Allah Las at the Echo, Tuesday, August 9th, 2011

The British invasion definitively didn’t kill surf music in the mid 60s, there are too many bands reviving the genre right now, and some bands like the Allah Las even manage to combine both genres with ease and a laid back attitude.

During the second Tuesday of their free residency at the Echo, they filled the club with surfing tunes, a sort of West-Coast-60s style revisited by the use of fuzzy guitars and vocal harmonies building an interesting and hypnotic groove.

When you hear them, you first swear you have heard these songs before, as they transport you way back in time, with black and white pictures of girls in bikini slowly shaking their behinds on the beach suddenly appearing in your head, but no, these are totally original tunes which sound like classic ones, and they are damn good. Seeing all the people pressing themselves close to the stage, this band has been building up its own following quite fast.
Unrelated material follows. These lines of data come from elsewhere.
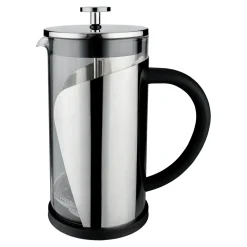 GRUNWERG 6 Cup Cafe Ole Cromo Cafetiere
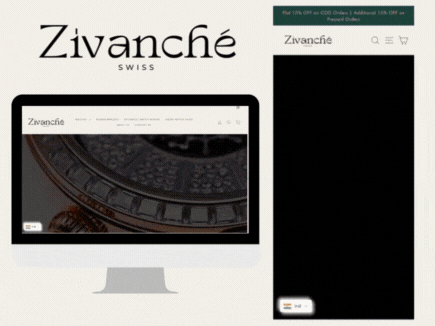 Zivanche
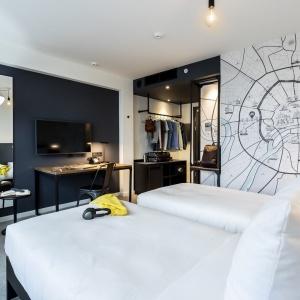 Pentahotel Moscow, Arbat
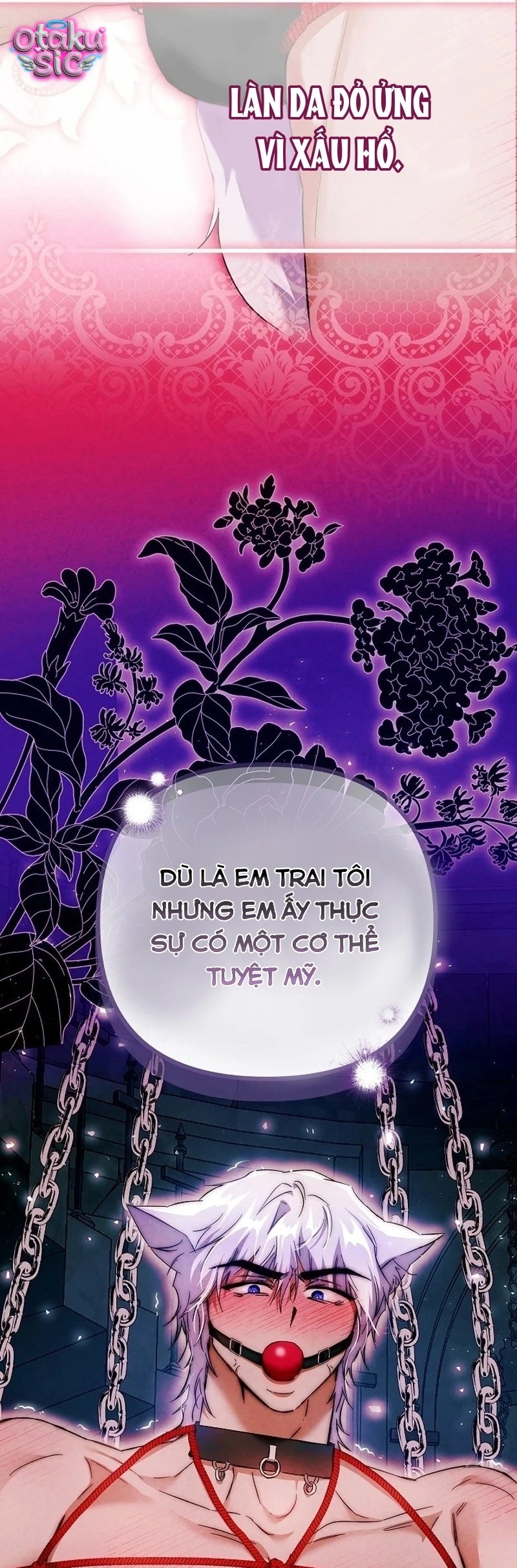 Cô Hầu Gái Kỳ Nha! - Chap 9 - Trang 4
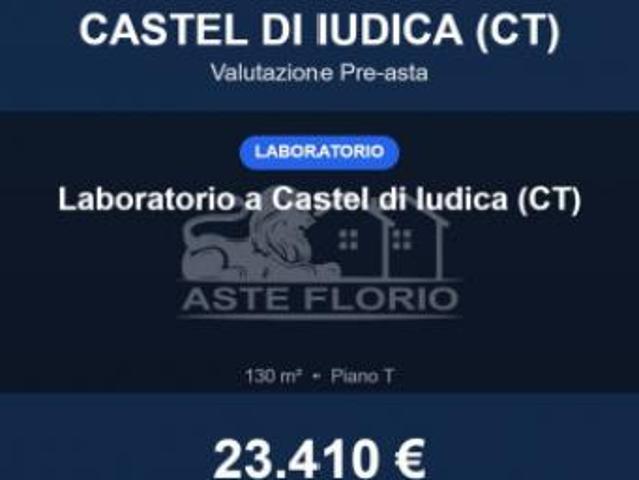 Locale Commerciale in vendita a Lago, Castel Di Judica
It would be interesting to know why Miles Michaud (vocals and guitar), Pedrum Siadatian (lead guitar, but also on back up vocals), Spencer Dunham (bass), and Matt Correia (drums) chose this jihad-starter moniker (isn’t it blasphemous for muslins to use Allah in a rock band name?) but it curiously fits their abundant aaaaaaahhhs vocal harmonies in the middle of their slow-paced songs reminding me an agglomerate of 60s hits, from the surf sound of the Beach Boys, to the psychedelic one of the Animals, even going into that hippie-druggy-groovy kind of thing that people seemed to appreciate so much.
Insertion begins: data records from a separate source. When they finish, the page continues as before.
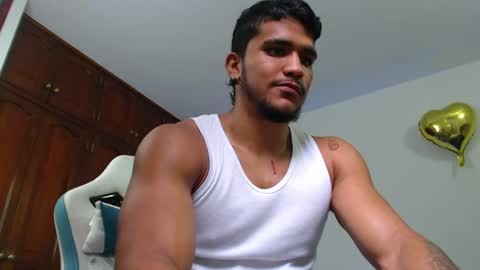 camilo_contre21 online show from July 2026 07:31:01 PM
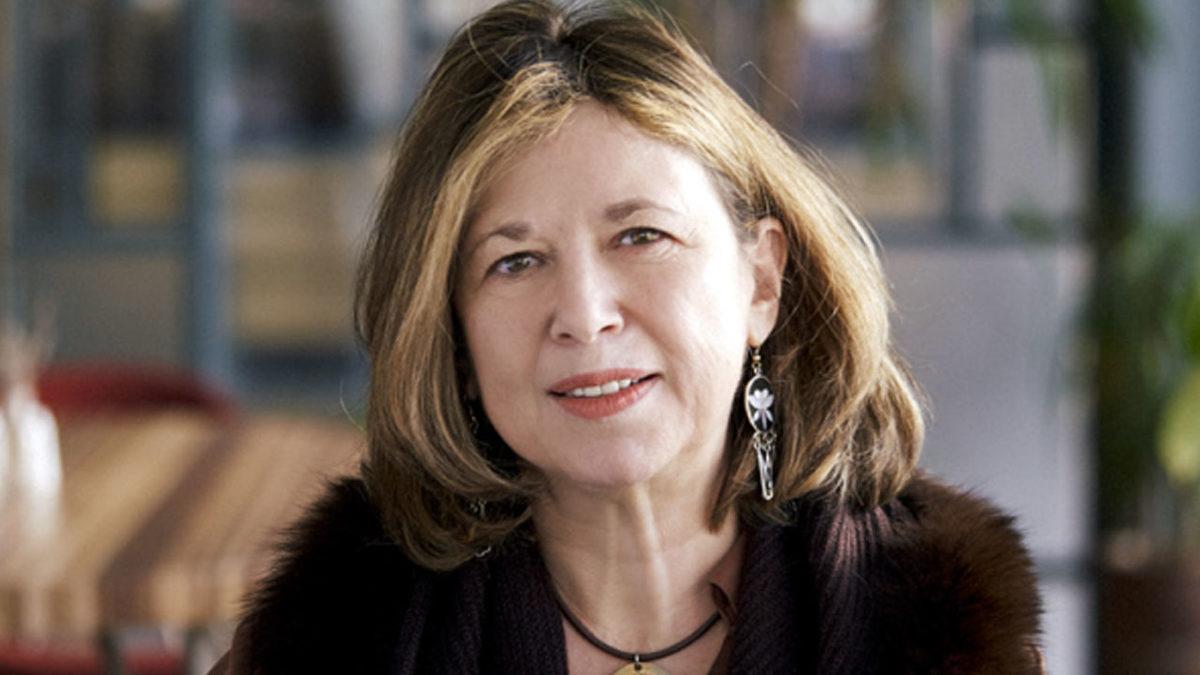 Prof. Dr. İvet Bahar, Amerikan Ulusal Bilimler Akademisi’ne Seçilen İlk Türk Bilim Kadını Oldu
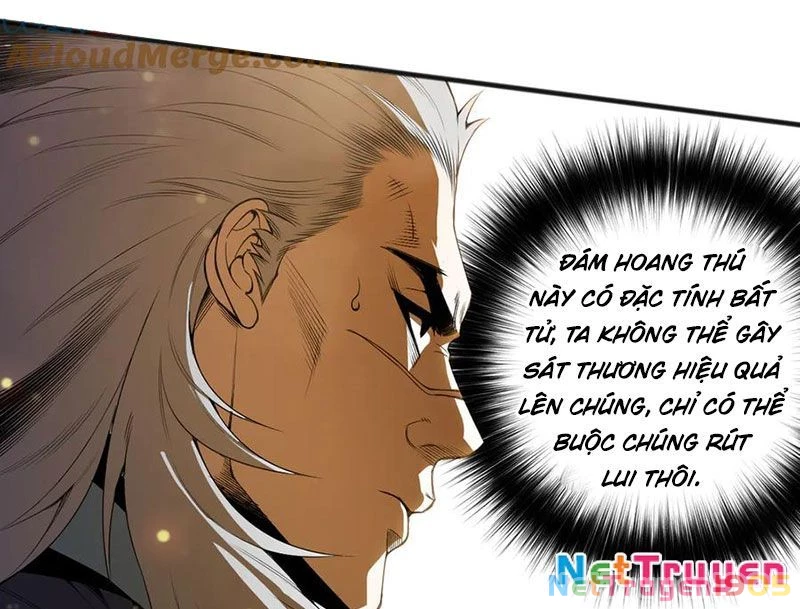 Thảm Họa Tử Linh Sư Chapter 165 - 6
With a delicate and discreet drumming, a bass very much part of the game, and as relevant as the other guitars, they even played tunes that were only instrumentals, reinforcing the stoned-hypnotic style, building a enjoyable groove which made the girls shake their behinds, mirrors of my previous vision.

Their two last songs, ‘Catamaran’, and ‘Long Journey’ (during this one Miles and Matt switched their roles on vocals and drums) feature on their single released on Pres Records, but their set list showed how much material they already have, as I read they will start focusing on a LP soon.

Seriously, almost none of the people present at the Echo on Tuesday night, have known the 60s, what is this obsession with this decade? I don’t mean Allah Las was playing 60s music, because obviously there were here and there traces of modernity, but they were playing their psych-surf-rock revival as if nothing had happened since the 60s. May be that’s the case, what happened after the 60s anyway? Disco? David Guetta? Shit! Give me more of this beachy sound from the Allah Las guys.